YOUR GOAL:
Give again exactly the lines that run from the start of the records to the line holding "Cat and Beast", both ends counted. Do not include the pictures.
--
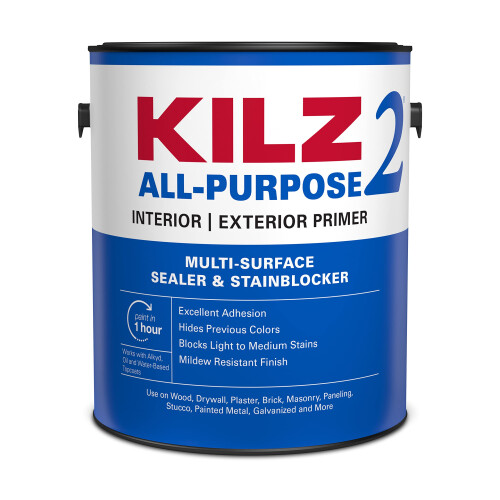 KILZ 2 Imprimación Multiusos, Interior/Exterior, 1 Galón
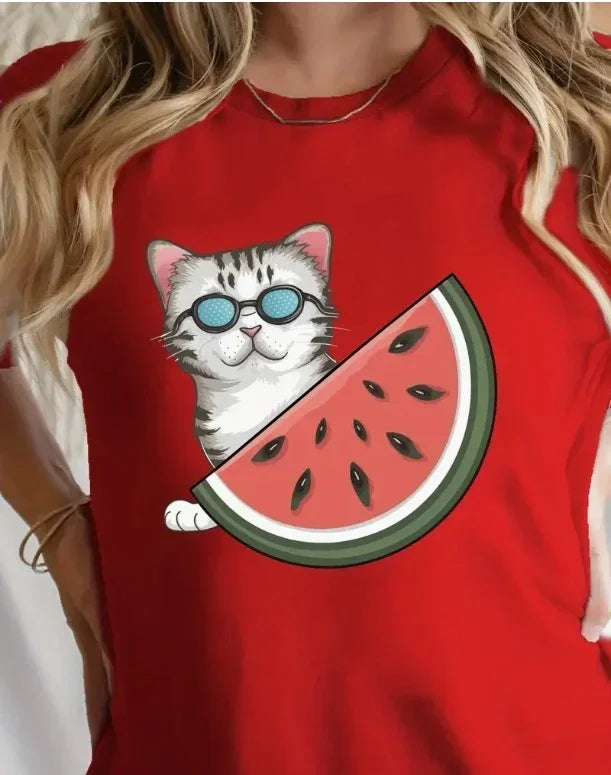 Cat and Beast Pattern Round Neck T-shirt Classic Comfortable Short Sleeved Casual Loose Plus Size Daily Women's Clothing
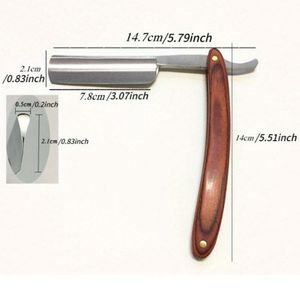 Navaja de Barbero Estilo Antiguo con Mango de Madera y Hoja de Acero Inoxidable, Compatible con Remy, Herramienta Profesional de Alta Calidad para el Cuidado Personal - Product Image 2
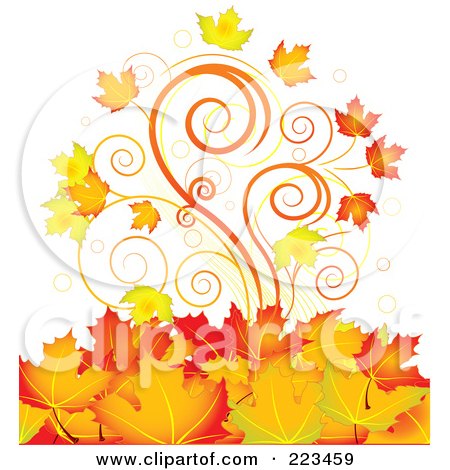 Royalty-Free (RF) Clipart Illustration of a Background Of Autumn Spirals And Leaves by Pushkin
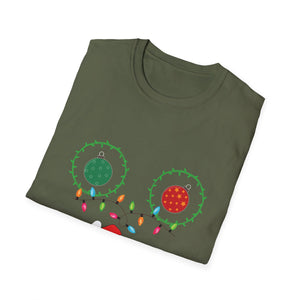 Christmas Lights Chest T-Shirt — Colorful Holiday Graphic Tee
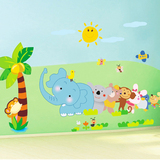 大象小动物墙贴 贴画 卡通儿童房间墙贴 幼儿园教室布置墙壁贴纸
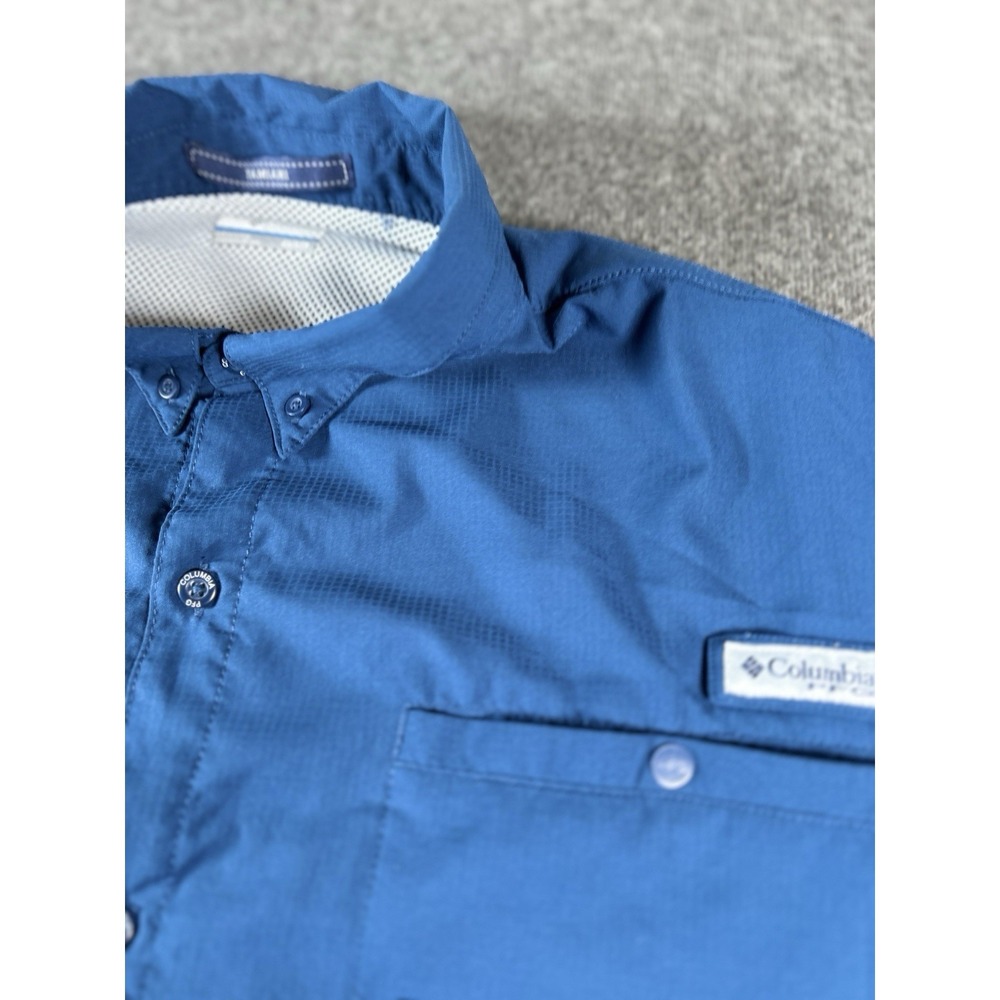 Columbia Tamiami Shirt Mens 4XL 4xf  Blue Short Sleeve Fishing Omni Shade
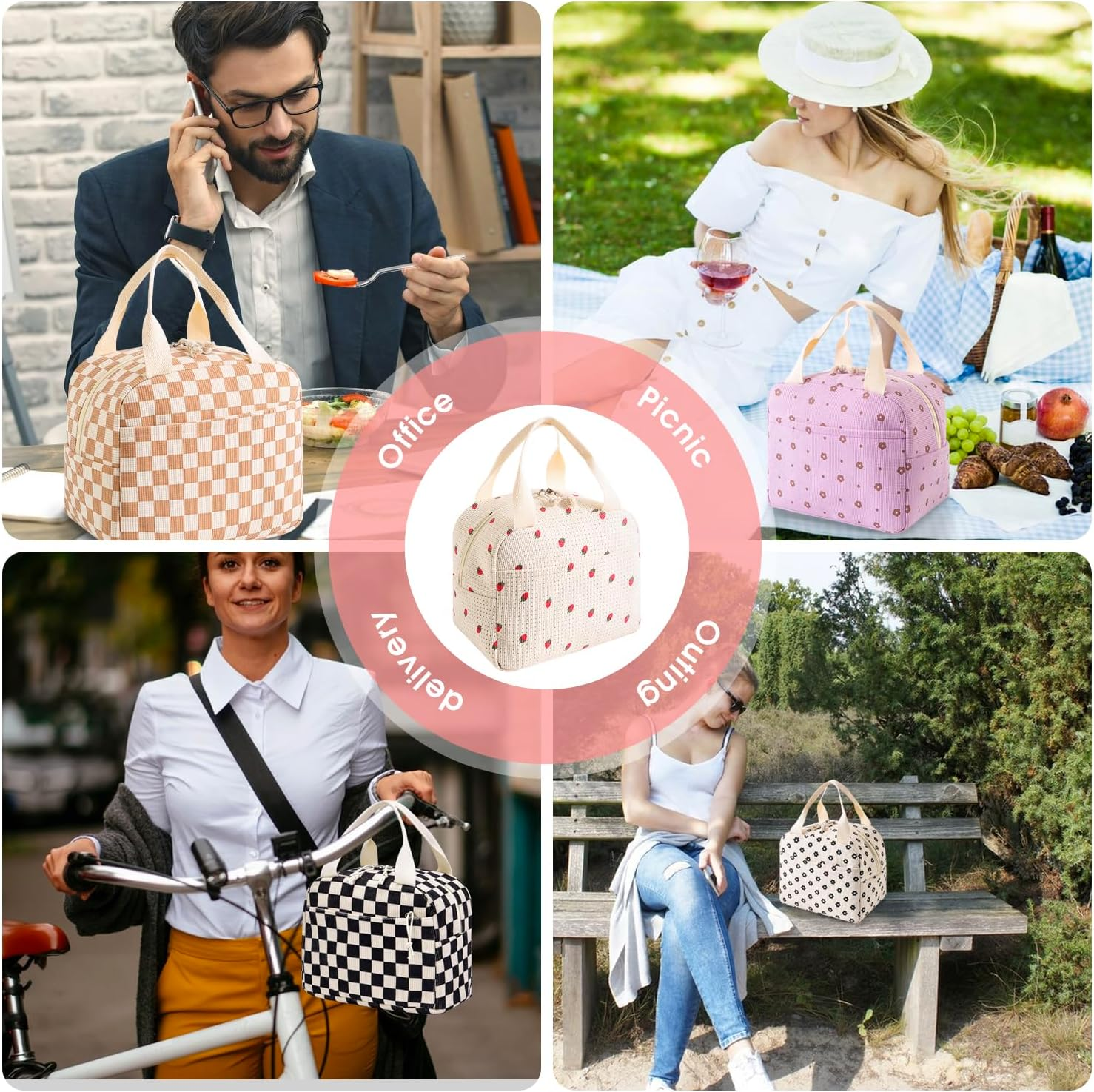 Insulated Lunch Bag for Kids & Adults, Reusable Corduroy Lunch Box Tote Bags, Leakproof Cooler Bag for Work Office Picnic School Travel BBQ, Large Capacity & Cute Design (Beige Strawberry) - Beige Strawberry image number 6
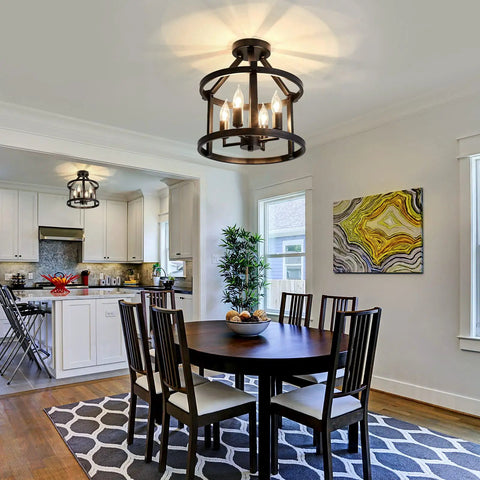 2-Pack Semi Flush Mount Ceiling Light Fixture Farmhouse Matte Black Metal With Open Drum Shade in dining room
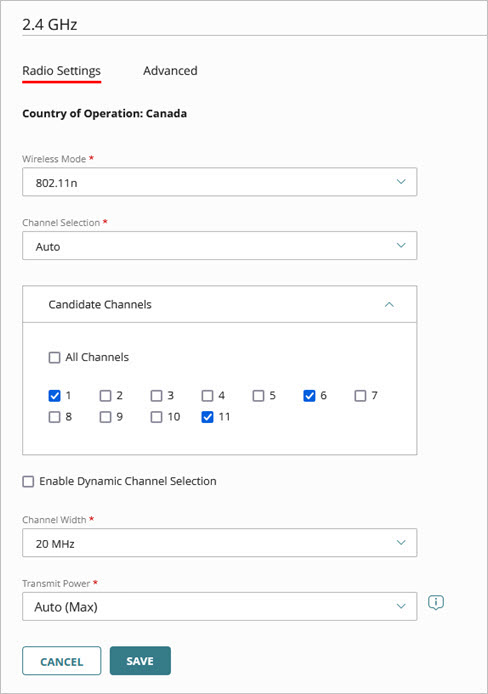 Screen shot of the 2.4GHz radio settings for an access point
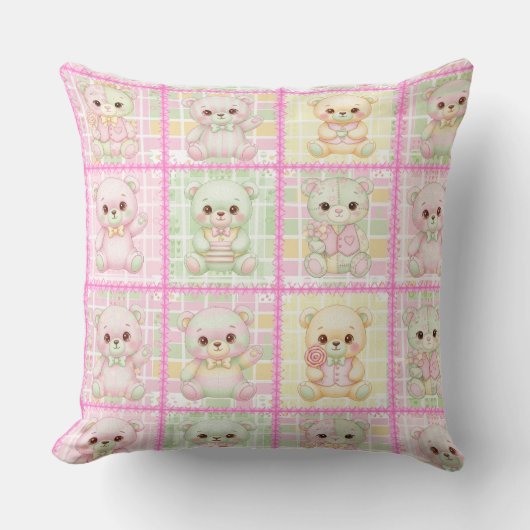 Cute Patchwork Teddybeer Dek quilt naadloos Kussen (Voorkant)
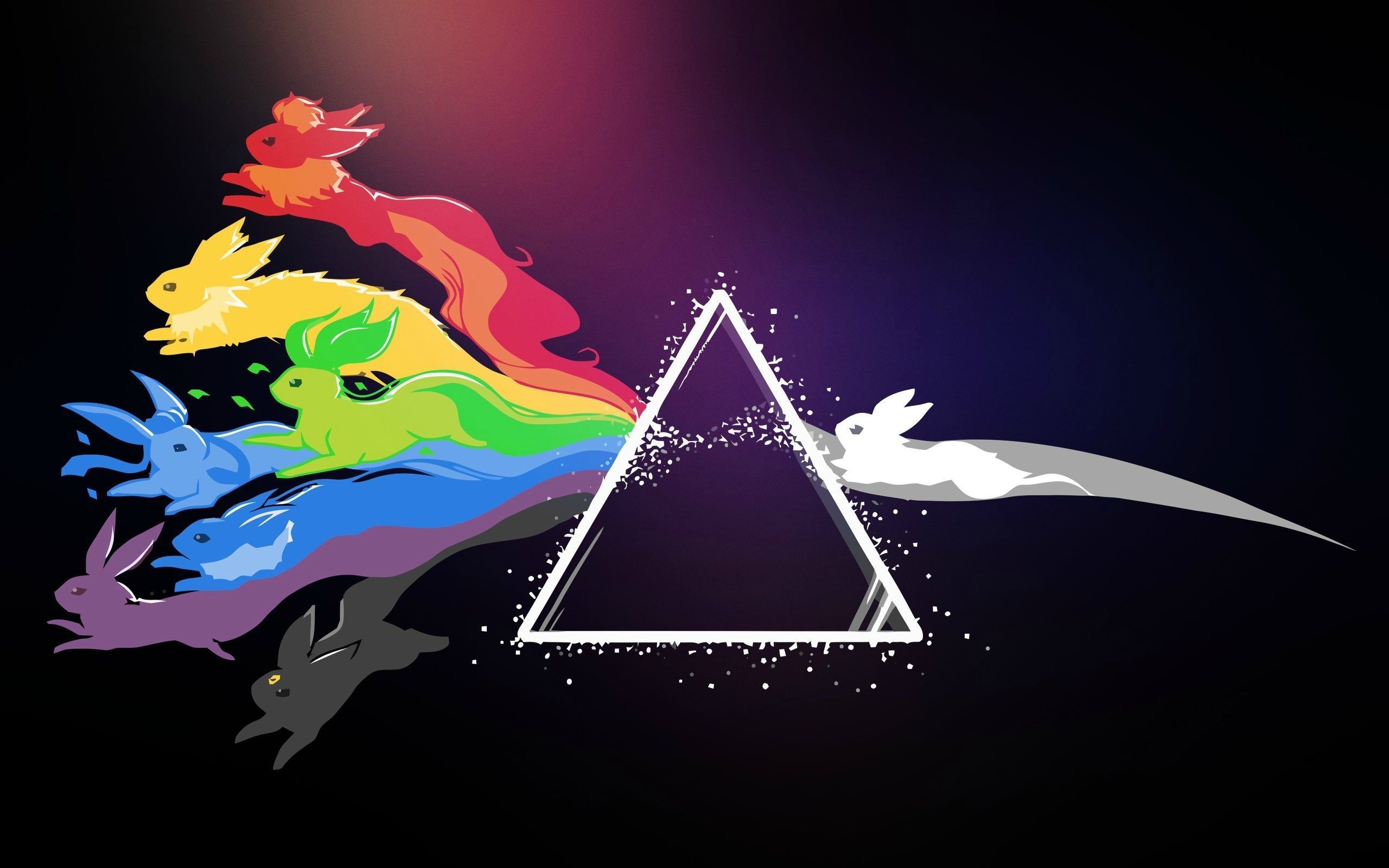 Evoluzioni Eevee arcobaleno triangolo, Pokémon, 2560x1600 2K+, Desktop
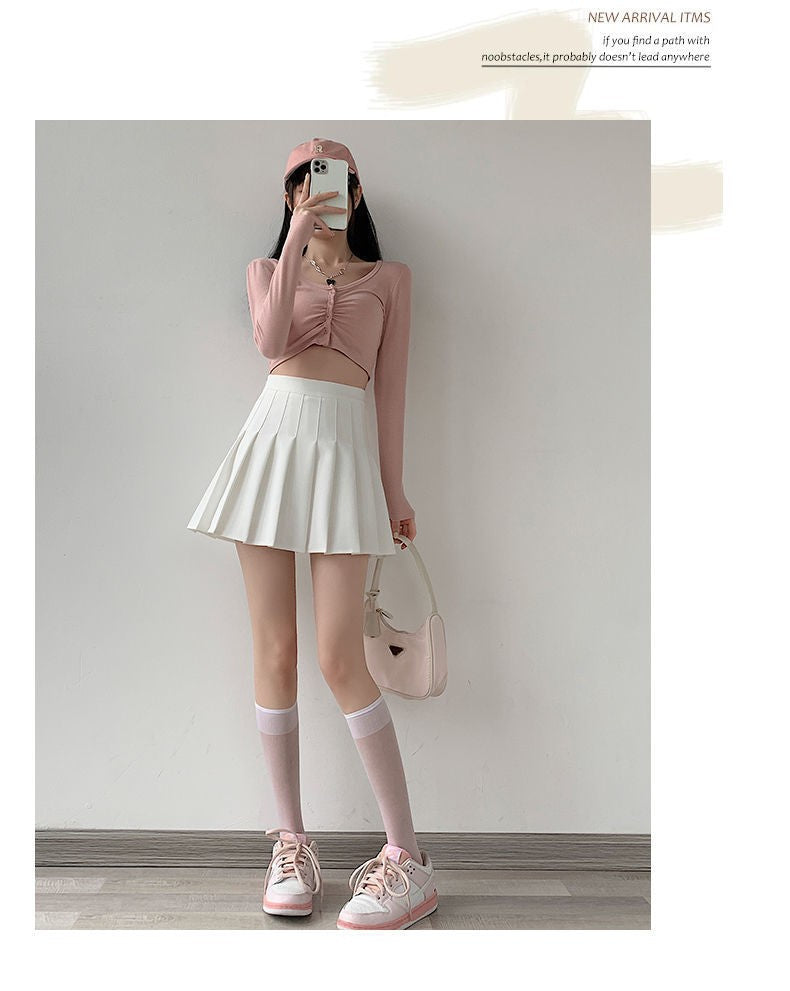 Women Pleated Skirt High Waist A-Line Mini Skirt School Girl JK Uniform Skirt Skater Skirt Tennis Skirt White Plus Size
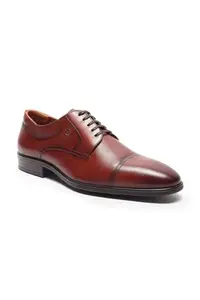 Louis Philippe Men Brown Leather Lace Up Shoes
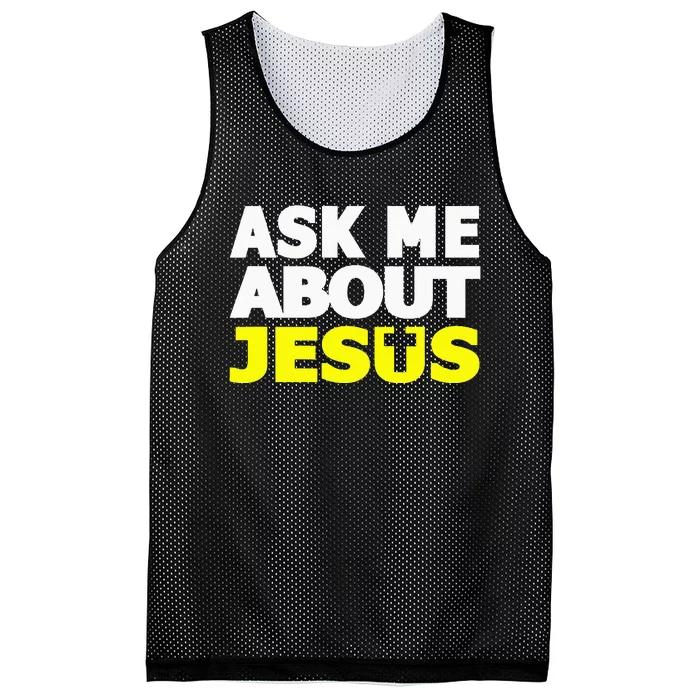 Ask Me About Jesus Religious Christian Gift Mesh Reversible Basketball Jersey Tank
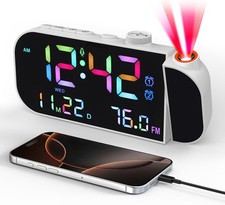 Projection Alarm Clock with Radio Digital Clock with 180° Rotatable Projector 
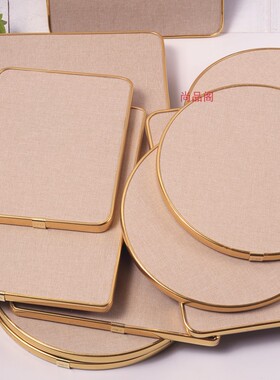 包金边画板掐丝珐琅尚品阁棉麻布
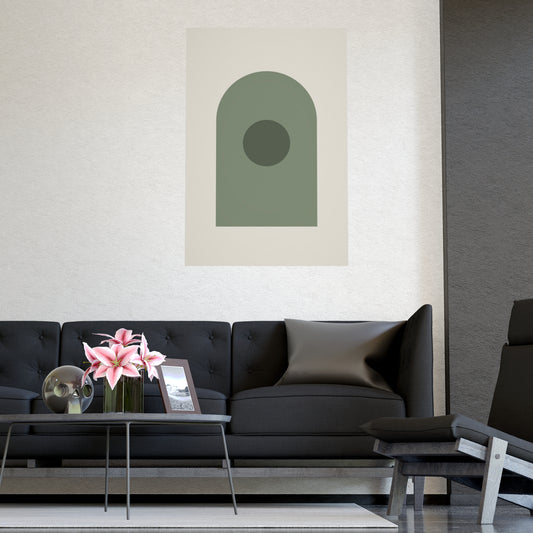 Sage Neutral Arch Boho Wall Art framed on a cream wall in a living room, 20x30 in print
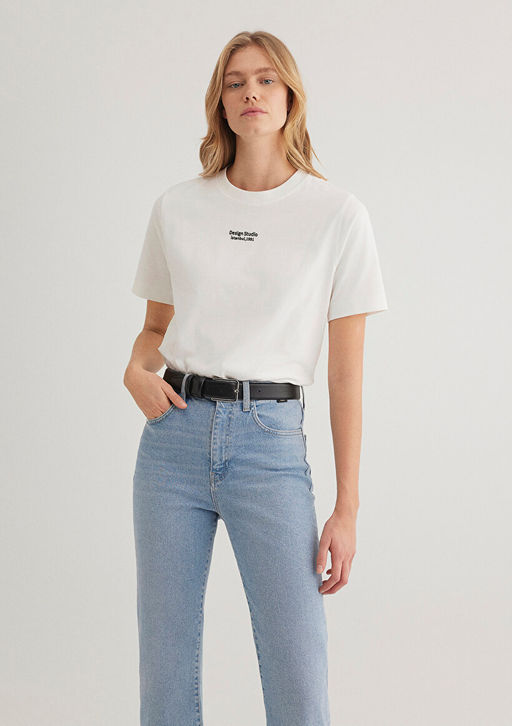 Bask?l? Beyaz Tisort - Mavi фото 3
--
SOLUTION BELOW:
 KILZ 2 Imprimación Multiusos, Interior/Exterior, 1 Galón
 Cat and Beast Pattern Round Neck T-shirt Classic Comfortable Short Sleeved Casual Loose Plus Size Daily Women's Clothing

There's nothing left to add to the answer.